No, if you truly believe there ought to be only one church then you ought to drive straight and hard for the very center of truth, without fail. There should be no tolerance for evil and corruption within. Didn't Jesus say it were better that a millstone were tied to the neck and cast into the sea rather than causing one child to stumble? The millstone is poetic license to convey the gravity of the offense. The RCC has taken the position that it is better for entire generations to stumble while they deliberate for centuries.
In the world of modern politics we call that "spin." Coming four centuries late does not mystically make the decision "more success[ful]."
How many more hundreds of millions would have been in the scope of effect had the RCC adopted the vernacular in the sixteenth century? How many hundreds of millions above that had they not wandered into that error in the first place? To pretend otherwise is fiction.

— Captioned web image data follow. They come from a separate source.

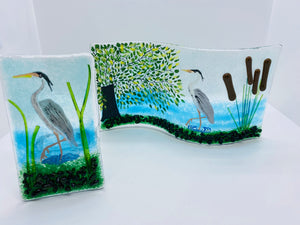 Handmade fused glass tealight holder with riverbank and heron detail 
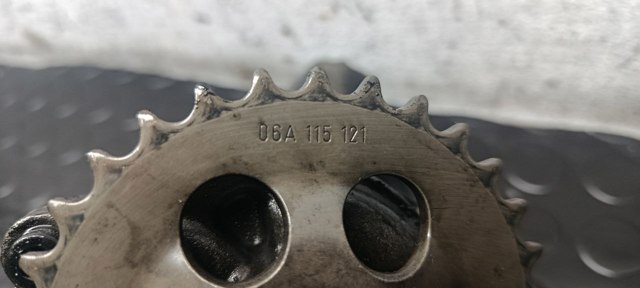 Шестерня маслянного насосу 06A115121 VAG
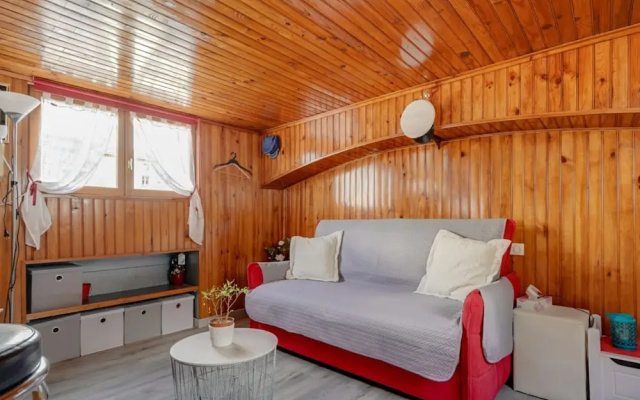 Comfortable House Boat in Homps with Roof Terrace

How many more hundreds of millions would have been in the scope of effect had the RCC adopted the vernacular in the sixteenth century? How many hundreds of millions above that had they not wandered into that error in the first place? To pretend otherwise is fiction.
You are right that coming 4 centuries later does not make the design intrinsically more successful, however, many of the errors committed by Luther can be better understood and avoided. The very fact that the Catholic church has chosen to adopt the principle of saying mass in the vernacular is a substantial endorsement of Luther, and should be celebrated rather than spat upon for being 'too late'.

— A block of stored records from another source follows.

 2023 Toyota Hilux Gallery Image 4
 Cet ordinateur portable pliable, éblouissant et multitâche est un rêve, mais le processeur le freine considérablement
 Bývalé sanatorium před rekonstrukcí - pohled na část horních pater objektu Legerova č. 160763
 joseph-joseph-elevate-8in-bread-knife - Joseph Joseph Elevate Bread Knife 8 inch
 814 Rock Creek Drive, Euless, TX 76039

You have missed the point. The source of the corruption is in all of us, from the Pope to the lowest servant. The changes that introduced falsehoods had already happened centuries before Luther. Only change could bring the church back to the truth. Just because opinion has held over time does not mean that opinion is truth, only that the system has not changed and therefore remains in error.
Secondly, there have been changes instituted by Luther that have introduced falsehoods into the church that were not present there before. The first being salvation through faith alone and not through the grace of God. Another would be the concept that justification merely covers over our sins, it does not remove them.
No doctrine issued ex cathedra has ever been acknowledged as error. This is a greater perversion of truth than the errors themselves.